Wikidata:Property proposal/WordNet 3.1 Synset Id
WordNet 3.1 Synset Id
editOriginally proposed at Wikidata:Property proposal/Authority control
Description | Synset identifier in Princeton’s WordNet Version 3.1 |
---|---|
Represents | WordNet (Q533822) |
Data type | External identifier |
Domain | item |
Allowed values | \d{8}\-[nvarsp] |
Example 1 | dog (Q144) → 02086723-n |
Example 2 | pawl (Q55629301) → 03907626-n |
Example 3 | hot dog (Q181055) → 07692347-n |
Source | https://wordnet.princeton.edu/ |
Planned use | There is already word-sense disambiguation software that produces WordNet synsets. This property would allow such software to target Wikidata. |
Number of IDs in source | 117,000 |
Expected completeness | eventually complete (Q21873974) |
Formatter URL | http://wordnet-rdf.princeton.edu/id/$1 |
Robot and gadget jobs | See below |
See also | Interlingual Index ID (P5063), BabelNet ID (P2581) |
Motivation
editWordNet is a substantial and widely-used set of concepts. Having a mapping between Wikidata and WordNet would assist those who want to use Wikidata for word sense disambiguation.

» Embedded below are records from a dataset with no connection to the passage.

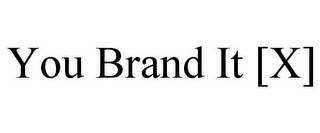 YOU BRAND IT [X]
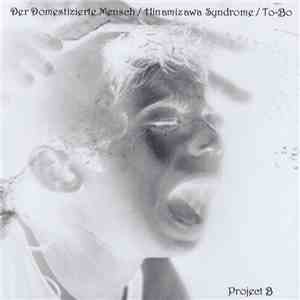 Der Domestizierte Mensch / Hinamizawa Syndrome / To-Bo - Project B mp3 album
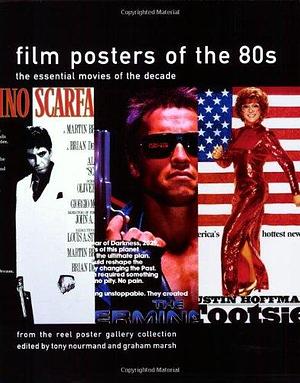 Film Posters of the 80s: The Essential Movies of the Decade : from the Reel Poster Gallery Collection by Tony Nourmand, Graham Marsh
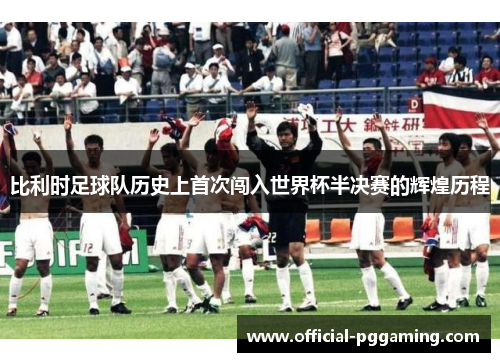比利时足球队历史上首次闯入世界杯半决赛的辉煌历程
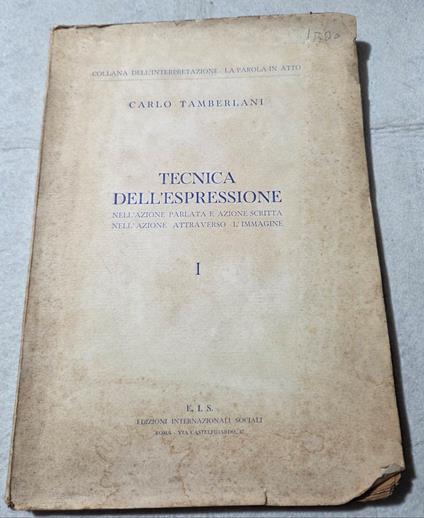 Tecnica dell'espressione nell'azione parlata e azione scritta, nell'azione attraverso l'immagine - I - copertina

I note two previous proposals from two years ago: Wikidata:Property_proposal/Wordnet_synset_ID and Wikidata:Property proposal/WordNet ID. The first of those gained significant support, but was withdrawn because of issues about how WordNet ids changed in different versions, and because of questions about the part-of-speech being required to convert the id into a URL. The second proposal was opposed because its relationship to the prior proposal was unclear and because of the forthcoming integration with Wiktionary.
Regarding the issue with versions, this proposal solves that problem by being specific to one version, and uses the "offsets" for that version. (Arguably, we ought to have properties for both 3.0 and 3.1, the two major versions in use today, but only 3.1 is proposed here.)
The issue of the part-of-speech being part of the URL is resolved by making it part of the identifier.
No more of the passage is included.